Third, shuffle the Honor tiles and place them face-down in three equal stacks on the game board’s designated space.
Fourth, take and flip the top-most Honor tile from each of the three stacks and place them face-up in the space adjacent to each stack from which they were removed.
Fifth, shuffle the War Cry cards. Deal three to each player, face-down. Players can look at their cards but keep them hidden from their opponent until played. Place the remaining War Cry cards face-down to create the War Cry draw deck.
Sixth, give each player 15 six-sided dice of the same color that matches their Army pieces.
Seventh, determine who should go first by having each player roll a die. The player with the highest rolled value goes first. Re-roll if there is a tie. The player who loses the roll will go second and now draws two War Cry cards, adding them to their hand.
This completes the game setup. Time to go to battle!
Starting a Fight
Flank!: Battle for Fairfield is played rounds and turns with no set number of rounds per game. A players’ turn is summarized here.
Step One: Draw
The first thing a player does on their turn is to draw two War Cry cards from the draw deck. These immediately go into the player’s hand. There is no hand-size limit during the game.
If the draw deck is depleted, take the discarded pile, shuffle, and place face-down to create a new draw deck.
Step Two: Honor
The player now selects one of the face-up Honor tiles and attaches (by placing it on the game board) to an Army unit’s banner of their choice. After placing the Honor tile, they draw a new Honor tile from the stack to replace the one they just took.
Honor improves an Army unit’s (represented by Army chips on the game board) ability to move and fight on the field. Once placed, the Honor tile will remain attached until removed via a resolved action noted on a War Cry card. Skip this step if a player no longer has any free spaces to place an Honor tile.
There are four different Honor tile bonuses:
- A “Sword” increases the number of dice used when attacking
- A “Shield” increases the number of dice used when defending
- An “Arrow” increases the number of movement spaces that can be taken
- A “Flank” increases the number of dice used for every flanking unit (which is further described below)
Step Three: Move
The player may now move up to three of their Army chips on the field. The number of spaces the chip can move is noted by the number of “Arrow” icons under their Army unit’s information found on the game board. An Army chip can move one space in any direction to an adjacent empty space for each arrow. This number, as noted, can be changed using Honor tiles.
Once moved, the Army chip cannot be moved again until the player’s next turn. In addition, an Army chip can never move into or through a space occupied by another Army chip (including those that belong to the players).

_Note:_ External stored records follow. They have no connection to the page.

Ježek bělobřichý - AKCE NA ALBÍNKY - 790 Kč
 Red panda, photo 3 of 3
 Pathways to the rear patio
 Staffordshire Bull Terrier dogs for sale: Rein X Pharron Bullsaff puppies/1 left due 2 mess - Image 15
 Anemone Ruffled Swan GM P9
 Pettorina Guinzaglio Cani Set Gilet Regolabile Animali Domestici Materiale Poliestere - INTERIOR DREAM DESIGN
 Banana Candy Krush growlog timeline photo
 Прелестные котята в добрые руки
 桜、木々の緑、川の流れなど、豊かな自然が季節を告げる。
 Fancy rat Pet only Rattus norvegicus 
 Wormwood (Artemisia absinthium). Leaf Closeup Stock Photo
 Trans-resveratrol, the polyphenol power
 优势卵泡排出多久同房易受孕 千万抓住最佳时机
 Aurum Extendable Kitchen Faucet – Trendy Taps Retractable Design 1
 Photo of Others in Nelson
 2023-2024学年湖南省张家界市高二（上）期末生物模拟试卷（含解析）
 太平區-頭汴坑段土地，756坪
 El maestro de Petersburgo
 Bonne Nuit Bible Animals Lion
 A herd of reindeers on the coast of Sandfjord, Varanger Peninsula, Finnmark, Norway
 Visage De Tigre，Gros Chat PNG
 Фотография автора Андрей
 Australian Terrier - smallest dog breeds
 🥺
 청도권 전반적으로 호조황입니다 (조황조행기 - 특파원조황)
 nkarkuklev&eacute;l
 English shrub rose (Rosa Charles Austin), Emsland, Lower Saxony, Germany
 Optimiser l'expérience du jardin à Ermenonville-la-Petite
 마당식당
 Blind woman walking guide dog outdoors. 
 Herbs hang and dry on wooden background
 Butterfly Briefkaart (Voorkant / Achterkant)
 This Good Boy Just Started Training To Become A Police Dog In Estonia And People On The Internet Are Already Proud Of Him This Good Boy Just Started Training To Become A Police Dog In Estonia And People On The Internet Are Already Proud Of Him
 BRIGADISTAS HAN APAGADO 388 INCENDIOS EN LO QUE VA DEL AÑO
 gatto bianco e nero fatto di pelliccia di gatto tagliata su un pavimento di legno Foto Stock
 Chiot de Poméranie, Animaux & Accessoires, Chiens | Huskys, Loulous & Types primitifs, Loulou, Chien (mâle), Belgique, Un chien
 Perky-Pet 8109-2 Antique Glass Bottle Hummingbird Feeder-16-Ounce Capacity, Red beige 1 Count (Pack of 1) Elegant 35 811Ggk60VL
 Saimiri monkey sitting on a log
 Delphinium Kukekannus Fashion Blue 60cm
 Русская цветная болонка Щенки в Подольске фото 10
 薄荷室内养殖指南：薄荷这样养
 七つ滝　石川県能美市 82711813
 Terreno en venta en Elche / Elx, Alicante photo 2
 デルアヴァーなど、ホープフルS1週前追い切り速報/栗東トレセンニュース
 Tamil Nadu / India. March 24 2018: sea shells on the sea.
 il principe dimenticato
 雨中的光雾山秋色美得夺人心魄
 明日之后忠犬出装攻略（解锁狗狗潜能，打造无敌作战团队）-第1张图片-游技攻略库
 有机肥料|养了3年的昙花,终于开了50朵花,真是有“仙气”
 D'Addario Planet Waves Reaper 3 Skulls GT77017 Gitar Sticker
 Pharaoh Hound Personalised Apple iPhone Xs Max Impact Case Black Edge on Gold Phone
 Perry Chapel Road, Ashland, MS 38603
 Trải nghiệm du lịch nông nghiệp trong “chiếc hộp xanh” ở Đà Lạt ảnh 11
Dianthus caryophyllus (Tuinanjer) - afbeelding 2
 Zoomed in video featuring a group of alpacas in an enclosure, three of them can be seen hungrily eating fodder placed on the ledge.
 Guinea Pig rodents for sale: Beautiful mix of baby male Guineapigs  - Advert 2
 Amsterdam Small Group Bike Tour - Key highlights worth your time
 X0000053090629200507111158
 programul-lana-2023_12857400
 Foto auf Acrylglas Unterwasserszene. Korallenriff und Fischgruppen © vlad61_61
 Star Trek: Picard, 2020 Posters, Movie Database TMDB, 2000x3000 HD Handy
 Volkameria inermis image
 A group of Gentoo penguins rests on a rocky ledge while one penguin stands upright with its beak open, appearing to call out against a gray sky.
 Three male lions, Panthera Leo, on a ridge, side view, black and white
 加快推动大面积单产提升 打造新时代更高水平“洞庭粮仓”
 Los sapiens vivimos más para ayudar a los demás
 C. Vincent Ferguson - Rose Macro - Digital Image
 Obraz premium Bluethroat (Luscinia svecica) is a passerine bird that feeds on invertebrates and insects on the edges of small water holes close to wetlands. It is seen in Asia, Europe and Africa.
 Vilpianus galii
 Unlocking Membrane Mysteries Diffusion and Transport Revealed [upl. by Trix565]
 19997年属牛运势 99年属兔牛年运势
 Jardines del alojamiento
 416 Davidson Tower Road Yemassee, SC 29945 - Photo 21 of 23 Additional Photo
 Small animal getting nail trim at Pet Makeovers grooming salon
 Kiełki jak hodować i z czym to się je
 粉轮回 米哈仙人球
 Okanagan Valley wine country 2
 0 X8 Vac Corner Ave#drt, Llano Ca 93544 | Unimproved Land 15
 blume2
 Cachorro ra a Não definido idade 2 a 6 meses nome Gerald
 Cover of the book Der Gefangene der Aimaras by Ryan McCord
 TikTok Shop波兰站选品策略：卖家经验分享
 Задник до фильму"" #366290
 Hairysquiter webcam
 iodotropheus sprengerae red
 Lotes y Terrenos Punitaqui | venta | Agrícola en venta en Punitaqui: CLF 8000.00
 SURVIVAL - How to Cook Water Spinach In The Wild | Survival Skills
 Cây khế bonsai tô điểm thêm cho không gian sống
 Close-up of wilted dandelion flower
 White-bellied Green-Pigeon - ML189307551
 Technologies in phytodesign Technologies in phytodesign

There are five different Army soldier types:
- Minions, who have a default Attack, Defense, Movement, and Flank value of one
- Crusaders, who have a default Attack and Flank value of one and a default Movement and Defense value of two
- Assassins, who have a default Defense and Movement value of one and a default Attack and Flank value of two
- Sentinels, who have a default Movement and Flank value of one and a default Attack and Defense value of two
- Champions, who have a default Flank value of zero, a default Movement value of two, and a default Attack and Defense value of three
Each of these Army unit types has three spaces available for Honor tiles (except for the Minion, who only has one Honor tile space), allowing each player to customize their army.
Step Four: Fight
It’s now time to fight! During this step, each battle is resolved using the following actions in the noted sequential order shown here.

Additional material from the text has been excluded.